This one hit all of the high marks for me. I think that Dessen takes a really good look at grief and how hard it is to bounce back from a death. We have several teens in this book that had tragic things occur and I loved the different reactions by all of them. And I thought the ending, while showing how one can move on, didn’t just slap a bow on things either.
Macy Queen is dealing with the death of her father. Her favorite person in the world dies before the start of this novel. Readers find out that Macy and her dad loved to go running together, and one day when she decided to sleep in rather than go with him, she finds him later on the ground having CPR administered to him. That moment and others haunts Macy. I maybe teared up a lot while reading this book. Probably because it hit close to home for me. Something similar happened to me in college with coming home to find ambulances surrounding my home and finding paramedics working on my father. My brother was upstairs hiding, and I was hit with the thought that my father was dead. You don’t understand a world in which you exist and your parents no longer do. It feels just as backwards to us as it does to parents when they have to bury a child.
So believe me I got the character of Macy. You go from being in a fog and okay again so many times you don’t know what to do with yourself. Macy who is dating the most terrible person ever named Jason (seriously he is the literature version of Ted Cruz) is doing what she can be to be perfect for her mom and Jason. She finds herself opening up a bit though when she gets interested in the catering family that comes to one of her mother’s house selling events. Macy becomes intrigued by them and finds herself working for the catering crew because she finds them so loud and also just alive. The owner of the catering company, Delia made me laugh a lot. But I also loved brothers Bert and Wes (Delia’s nephews) and sisters Kristy and Monica. There’s a running gag that Monica doesn’t really talk just mmmms and when she speaks in complete sentences at the end of the book I maybe fell over laughing my butt off.

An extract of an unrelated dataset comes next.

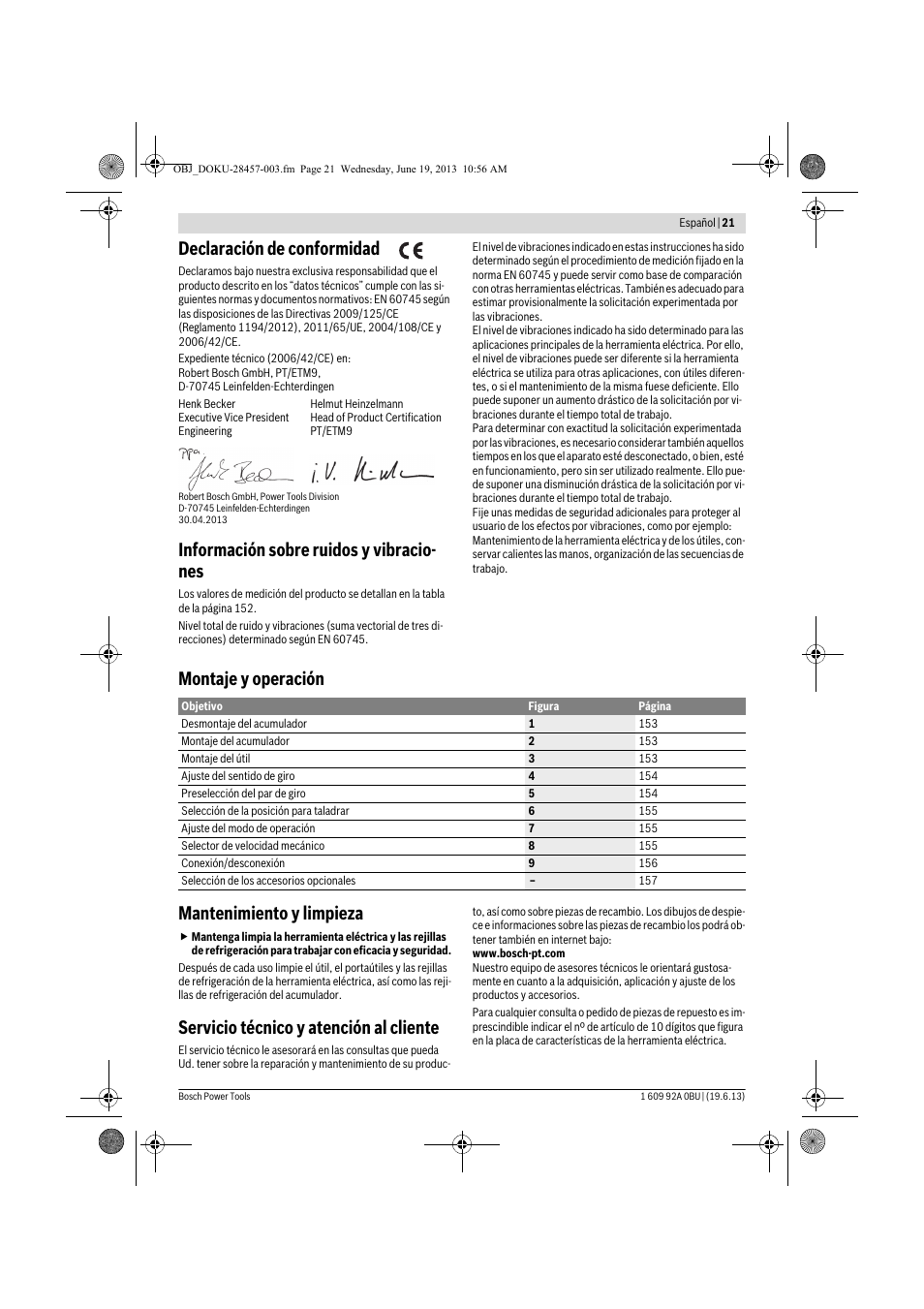 Declaración de conformidad, Información sobre ruidos y vibracio- nes, Montaje y operación mantenimiento y limpieza | Servicio técnico y atención al cliente | Bosch GSB 14,4 V-LI Professional User Manual | Page 21 / 157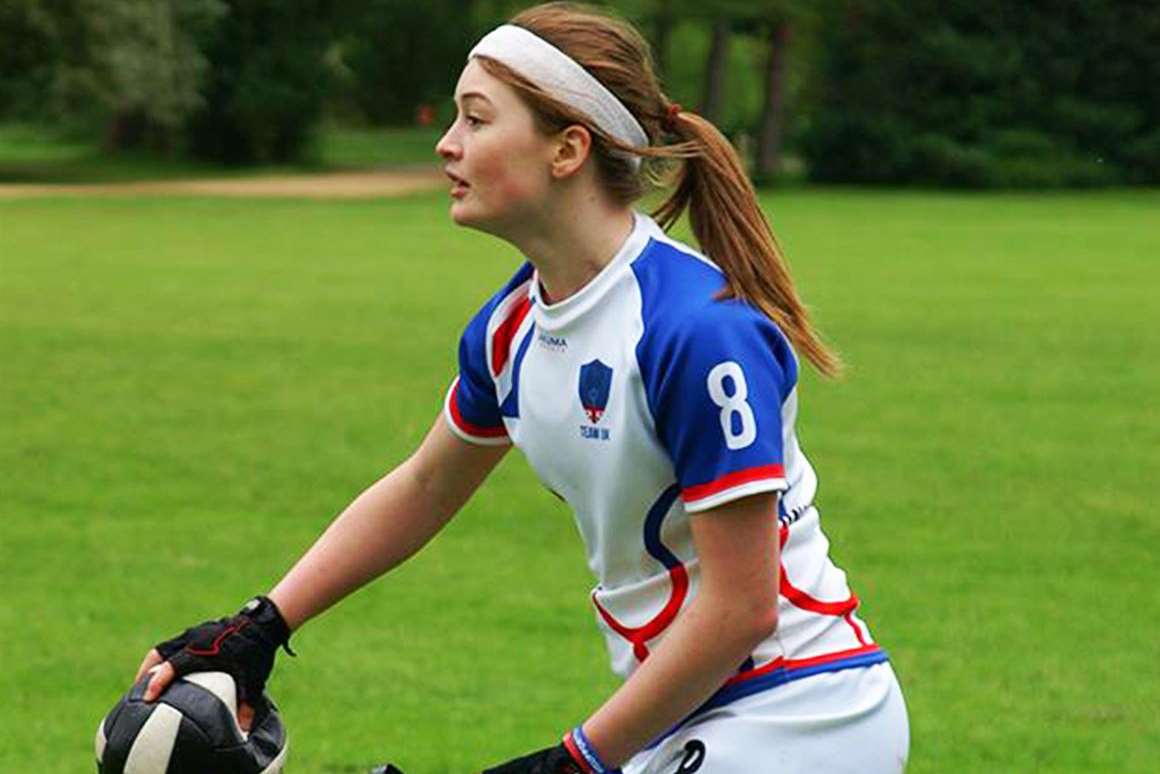 Quidditch player Jemma Thripp in action for the UK team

All of the secondary characters felt very real to me. I get why Macy pulled away from her friends at school and quit the track team. You are just in self-protection mode there for a while. And we get to see how Macy’s sister and her mother deal with their grief as well. What I thought was great though is that as Macy meets Kristy and Wes and becomes close to them, she starts to realize that other people have their own private griefs too, but they keep moving forward. I loved that part of it, because believe me for about two years I had my head up my ass regarding what a pain in the butt I was to my friends who kept reaching out.
Once again Dessen nails the dialogue with teens and adults. I didn’t have an issue with flow in this one. I would say make sure you have a box of tissues nearby though. The scenes with Macy trying to hide her dad’s stuff from her mother’s trash purge, and her dream of trying to catch up to him had me sniffling.
Once again the book takes place in the town of Lakeview. I am wondering why this is not considered a series though? Lakeview in this one was a bit more interesting. We get to see Macy who is definitely on the right side of the tracks dealing with the stress caused by her mother who is trying to build up the community around them with designer townhouses. It felt a little more in sync with the world I was introduced to in “Lock and Key” and I enjoyed that.
The ending for this one definitely leaves you with hope for Macy and her family. You can tell they are not 100 percent healed (you never are really) but you can see them starting to come out on the other side.